A current liability is an obligation that is payable within one year. The collection of liabilities comprising current liabilities is closely watched, a business must have enough liquidity to guarantee that they can be paid off when due. In accounting area, current liabilities are often understood as all liabilities of the business that are to be settled in cash within the financial year or the operating cycle of a given firm, whichever period is longer.

In exceptional cases where the operating cycle of a business is longer than one year, a current liability is described as being payable within the term of the operating cycle. The operating cycle is the time period required for a business to acquire inventory, sell it, and convert the sale into cash. In most cases, the one-year rule will apply.

Since current liabilities are normally paid by liquidating current assets, the presence of a large amount of current liabilities calls attention to the size and prospective liquidity of the offsetting amount of current assets listed on a company’s balance sheet. Current liabilities may also be settled through their replacement with other liabilities, such as with short-term debt.

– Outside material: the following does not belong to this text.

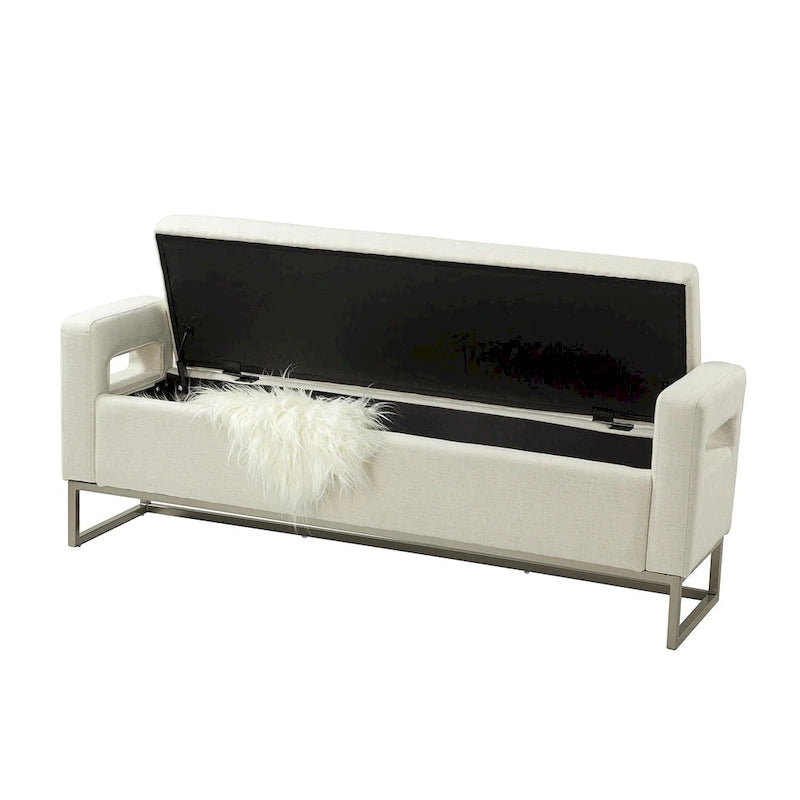 Banc moderne en lin rembourré avec espace de rangement dissimulé pour chambre ou entrée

The combined amount of current liabilities is major component of several measures of the short-term liquidity of a business. That include:

  • Current ratio. This is current assets divided by current liabilities.
  • Quick ratio. This is current assets minus inventory, divided by current liabilities.
  • Cash ratio. This is cash and cash equivalents, divided by current liabilities.

Common examples of Current Liabilities

Accounts payable: These are the trade payables due to suppliers, usually as evidenced by supplier invoices.
Sales taxes payable: This is the obligation of a business to remit sales taxes to the government that it charged to customers on behalf of the government.
Payroll taxes payable: This is taxes withheld from employee pay, or matching taxes, or additional taxes related to employee compensation.
Income taxes payable: This is income taxes owed to the government but not yet paid.
Interest payable: This is interest owed to lenders but not yet paid.
Bank account overdrafts: These are short-term advances made by the bank to offset any account overdrafts caused by issuing checks in excess of available funding.
Accrued expenses: These are expenses not yet payable to a third party, but already incurred, such as wages payable.
Customer deposits: These are payments made by customers in advance of the completion of their orders for goods or services.
Dividends declared: These are dividends declared by the board of directors, but not yet paid to shareholders.
Short-term loans: This is loans that are due on demand or within the next 12 months.
Current maturities of long-term debt: This is that portion of long-term debt that is due within the next 12 months.
To summarise, financial experts defined current liabilities as “obligations whose liquidation is reasonably expected to require the use of existing resources properly categorized as current assets or the certain of current liabilities.”